# 2009 SCHIP Drawing to Approval in Congress



## dayplanner (Dec 11, 1997)

More...


----------



## tzaddi (Feb 24, 2007)

Dear Mister Puffer News Fish,

Lately I have been reading your posts taking note of this state and that state proposing restrictions and bans on tobacco consumption. I then compare that to the State Children’s Health Insurance Program (SCHIP) proposal and it appears to me that if all of these states restrict, reduce or eradicate the consumption of tobacco at the state level the State Children’s Health Insurance Program (SCHIP) could be under funded.

It makes sense to me that if you are going to create revenue from a "sin tax" you need to allow the "sin" to a certain degree. Just a thought.


----------



## Rev2010 (Sep 3, 2008)

So what exactly does this mean:

"large cigars: 52.75% with a cap of 40.26 cents"

Does that actually mean that there will be a max increase of 40.26 cents on each cigar? Not sure I get the 52.75% with a cap of 40.26 cents bit.



Rev.


----------



## T-Rex (Sep 8, 2008)

Rev2010 said:


> Does that actually mean that there will be a max increase of 40.26 cents on each cigar?


I think what they are saying is this:
Each cigar will have a 52.75% tax. 
The additional cost of the 52.75% can not exceed 40.26 cents per cigar.

Which, if this is correct, is kind of pointless... I mean, each stick would have to be less than 76 cents each to not exceed 40.26 cents.


----------



## Shervin (May 29, 2008)

Rev2010 said:


> So what exactly does this mean:
> 
> "large cigars: 52.75% with a cap of 40.26 cents"


Ex: Bundled Cigar's that cost's $0.50 will now cost $0.50 + 40.26% = $0.70

Larger/Premium Cigar that cost's $10 will now cost $10.40

a 52.75% increase on A $10 cigar is insane which is why the cap was set..


----------



## Rev2010 (Sep 3, 2008)

Shervin said:


> a 52.75% increase on A $10 cigar is insane which is why the cap was set..


Yeah, that's what I thought. Glad to see this is the case. While it still sucks like hell that we're being taxed even further at least I can say such an increase won't really affect me.

Rev.


----------



## ghe-cl (Apr 9, 2005)

There's actually a good likelihood that the per cigar amount the consumer ends up paying will be closer to 80 cents than 40 cents because, as I have been told, the tax is paid at the point of entry into the U.S. (or by the manufacturer for the small number rolled in the U.S.). The common practice is for cigar prices to more or less double between the wholesale price and the price on the retail shelf. Right now, that means the nickel a stick that the importer pays as federal cigar tax often ends up being doubled along with the cigar price, but since it is just five more cents, no one really cares. As of April 1, though, it will be more significant, especially for box purchases.


----------



## FN in MT (Jan 22, 2008)

I knew it was going to pass so made FOUR big order the past two weeks. Everything from cheap Yard-Gars to Padron 26's and 64's. 
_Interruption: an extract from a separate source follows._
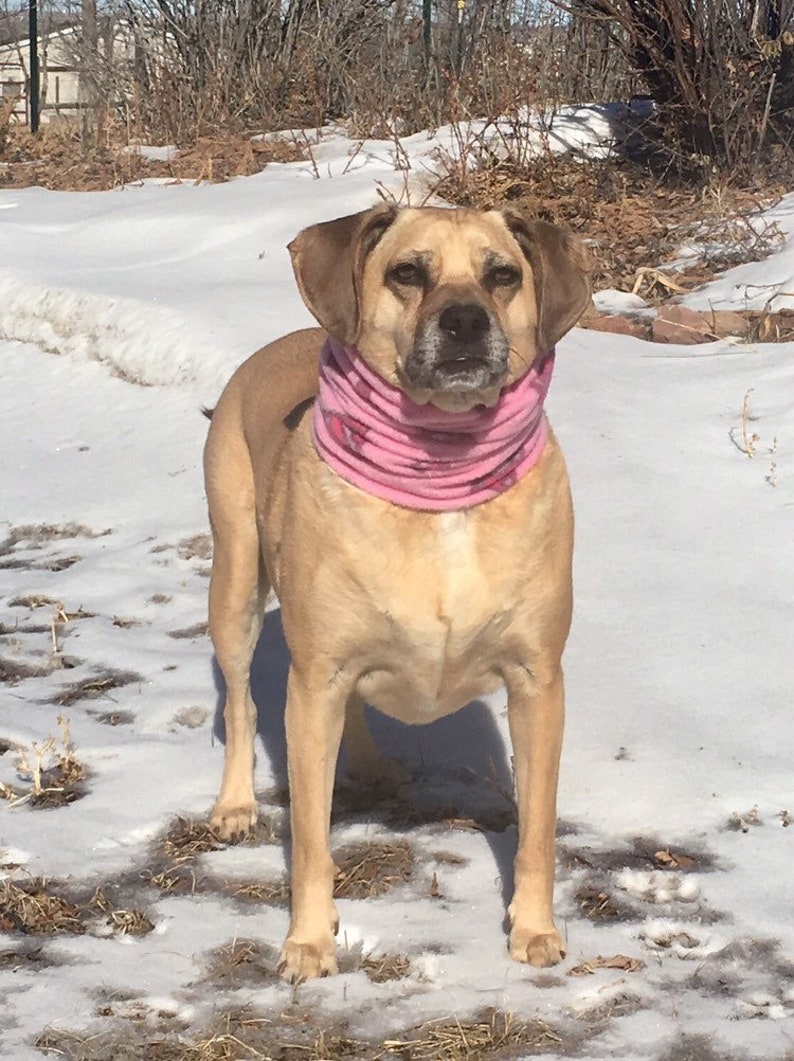 Pink Polar Fleece snood for MEDIUM size dog, terrier, puggle, poodle, whippet, pointer, vizsla snood image 5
An extra Forty cents on a $6 or $8 cigar isn't a deal breaker. But an extra forty cents a stick on a fifty cent a pop, bundle Yard Gar IS a bit of a deal breaker for me.

From what I understand President Bush did NOT sign the SCHIP bill two years in a row as he felt a more reliable funding source than tobacco was needed.

Forty cents pisses me off...but it could have been MUCH wor$e.

FN in MT


----------